I was up in the middle of the night trying to calm a crying baby. I was changing a diaper that wasn’t dirty after trying to feed and burp a baby that was neither hungry nor gassy. With new mom hormones running through my body I felt overwhelmed.My sweet little girl was upset and I couldn’t fix it. Her cry was desperate and I desperately wanted to help her.
I began to sing to her as I rocked. I cycled through a few primary songs from my youth, until I got to “Give said the Little Stream”. I barely got through the first verse before I was in tears. “Give,” said the little stream, Give, oh! give, give, oh! give.” I didn’t know what else I could give, I was physically and mentally exhausted. Still, I tried to finish the song. I was calming down when I reached the third verse. “Give, then, as Jesus gives, Give, oh! give, give, oh! give. Give, then, as Jesus gives; There is something all can give. Do as the streams and blossoms do: For God and others live.” I listened to the words over my baby’s cries and my perspective changed. I was reminded of the atonement and how much Jesus gave for me, the excruciating pain he felt so that I can be saved is more than I will ever have the opportunity to give.

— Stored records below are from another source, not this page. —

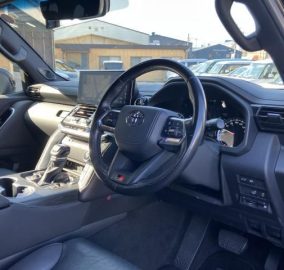 2023 Toyota Landcruiser ZX GR Sport.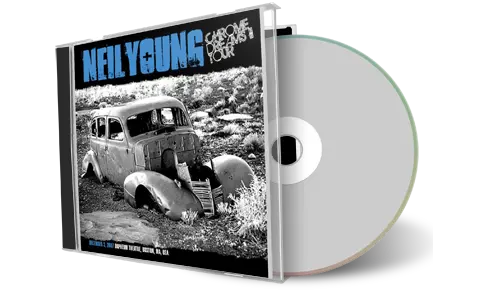 Artwork Cover of Neil Young 2007-12-03 CD Boston Audience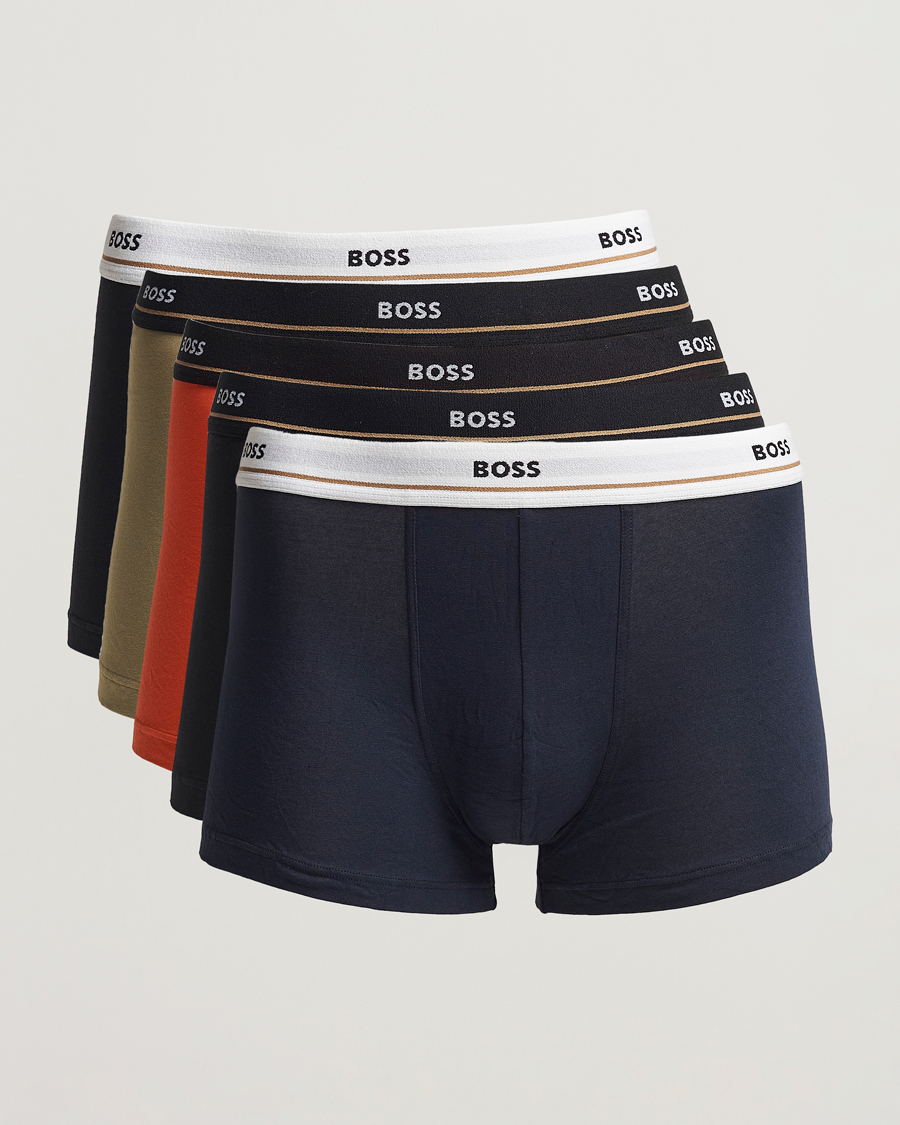 Herren | Unterwäsche | BOSS BLACK | 5-Pack Trunk Boxer Multi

Knowing that Christ and my Heavenly Father understood my pain I was able to put my baby back to bed and lie down myself. Eventually she stopped crying. Later on I thought about the song some more and another well-known hymn came to mind, “Because I have been given much I too must give” has been cycling through my mind as I contemplate my many blessings. Motherhood brings new trials with it, but it brings many more blessings. I just hope I can give back a sliver of what I’ve been blessed with myself.